L'histoire est prévue sur 5 albums?
Il y en aura certainement un sixième pour bien achever la série. Le problème c'est le manque de pièces maîtresses au niveau de l'échiquier. Chaque album inclut dans son titre le nom d'une de ces pièces maîtresses. Il y a eu Le Cavalier Noir, L'Arnaque du Fou, L'Ombre de la Tour.
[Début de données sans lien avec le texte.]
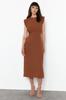 Women's Fashion New Dress Brown A-Line Midi Woven Dress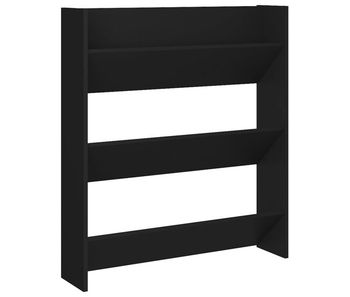 Vidaxl zapatero de pared madera contrachapada negro 80x18x90 cm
Le quatrième s'appelle la Reine Morte et paraîtra en mai 1995. Il reste le roi pour le tome 5. Mais pour le sixième, il va falloir trouver une solution.
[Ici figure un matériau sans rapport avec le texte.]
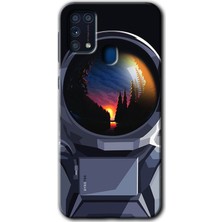 Gramaphone Galaxy M31 Kılıf Hd Desen Baskılı Arka Kapak + Esnek Nano Cam - Astronot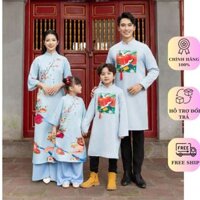 Áo dài cách tân gia đình Hà Cúc xanh thiết kế cao cấp by Lucci.Design - Áo dài tết 2025 Collection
Pourquoi avoir décidé de signer les albums du seul nom "Stalner" alors que vous êtes deux?
Je trouve cela bien. Comme cela, nous restons modestes. On ne ramène pas tout à soi. Mon frère et moi avons toujours travaillé ensemble. Nous avons le même nom donc pourquoi ne pas l'utiliser - bien que Stalner soit un pseudonyme tout de même. En même temps, cela donne un petit côté mystérieux. A part les Schuiten, il n'y a pas beaucoup de frères dans la bande dessinée. Mais je crois que nous devons être les seuls à dessiner, scénariser et faire la couleur ensemble. L'avantage, c'est que cela nous permet de nous partager les festivals. Et puis, un seul nom, je crois que c'est plus simple plutôt que d'avoir des prénoms. Vous êtes Eric? Vous êtes Jean-Marc? Peu importe. Nous sommes Stalner. Je suis Stal, il est Ner. Ou il est Stal, je suis Ner. C'est au choix.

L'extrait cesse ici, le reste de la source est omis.